*PROMPT:* Starting from the line containing "New 2026 GMC Sierra 1500 AT4 image 12", write out the rest of the entries exactly, through the final line, including nothing else.

*DATA FOR PROCESSING:*
* * * * *

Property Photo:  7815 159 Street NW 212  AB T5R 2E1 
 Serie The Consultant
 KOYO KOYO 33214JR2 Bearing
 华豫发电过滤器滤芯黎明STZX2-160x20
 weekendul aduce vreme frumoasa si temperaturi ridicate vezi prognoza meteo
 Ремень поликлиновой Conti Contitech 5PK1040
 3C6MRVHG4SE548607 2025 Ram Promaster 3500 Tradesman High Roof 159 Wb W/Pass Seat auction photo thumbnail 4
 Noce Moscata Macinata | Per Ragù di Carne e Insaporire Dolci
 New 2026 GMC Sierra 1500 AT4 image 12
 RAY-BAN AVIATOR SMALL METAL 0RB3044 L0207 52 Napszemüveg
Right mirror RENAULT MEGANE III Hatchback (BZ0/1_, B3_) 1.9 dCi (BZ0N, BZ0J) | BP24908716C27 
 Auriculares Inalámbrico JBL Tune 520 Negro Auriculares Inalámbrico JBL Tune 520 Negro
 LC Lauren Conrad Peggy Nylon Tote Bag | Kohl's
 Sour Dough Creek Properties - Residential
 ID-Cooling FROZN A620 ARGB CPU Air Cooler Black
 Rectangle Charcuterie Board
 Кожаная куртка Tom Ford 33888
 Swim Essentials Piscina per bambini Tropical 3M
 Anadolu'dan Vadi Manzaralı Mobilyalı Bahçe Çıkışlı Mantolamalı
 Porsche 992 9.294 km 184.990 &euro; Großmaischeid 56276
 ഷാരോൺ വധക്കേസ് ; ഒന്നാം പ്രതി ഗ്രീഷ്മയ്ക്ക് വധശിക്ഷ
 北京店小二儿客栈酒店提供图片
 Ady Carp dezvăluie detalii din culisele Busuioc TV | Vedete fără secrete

* * * * *

*TASK SOLUTION:*
 New 2026 GMC Sierra 1500 AT4 image 12
 RAY-BAN AVIATOR SMALL METAL 0RB3044 L0207 52 Napszemüveg
Right mirror RENAULT MEGANE III Hatchback (BZ0/1_, B3_) 1.9 dCi (BZ0N, BZ0J) | BP24908716C27 
 Auriculares Inalámbrico JBL Tune 520 Negro Auriculares Inalámbrico JBL Tune 520 Negro
 LC Lauren Conrad Peggy Nylon Tote Bag | Kohl's
 Sour Dough Creek Properties - Residential
 ID-Cooling FROZN A620 ARGB CPU Air Cooler Black
 Rectangle Charcuterie Board
 Кожаная куртка Tom Ford 33888
 Swim Essentials Piscina per bambini Tropical 3M
 Anadolu'dan Vadi Manzaralı Mobilyalı Bahçe Çıkışlı Mantolamalı
 Porsche 992 9.294 km 184.990 &euro; Großmaischeid 56276
 ഷാരോൺ വധക്കേസ് ; ഒന്നാം പ്രതി ഗ്രീഷ്മയ്ക്ക് വധശിക്ഷ
 北京店小二儿客栈酒店提供图片
 Ady Carp dezvăluie detalii din culisele Busuioc TV | Vedete fără secrete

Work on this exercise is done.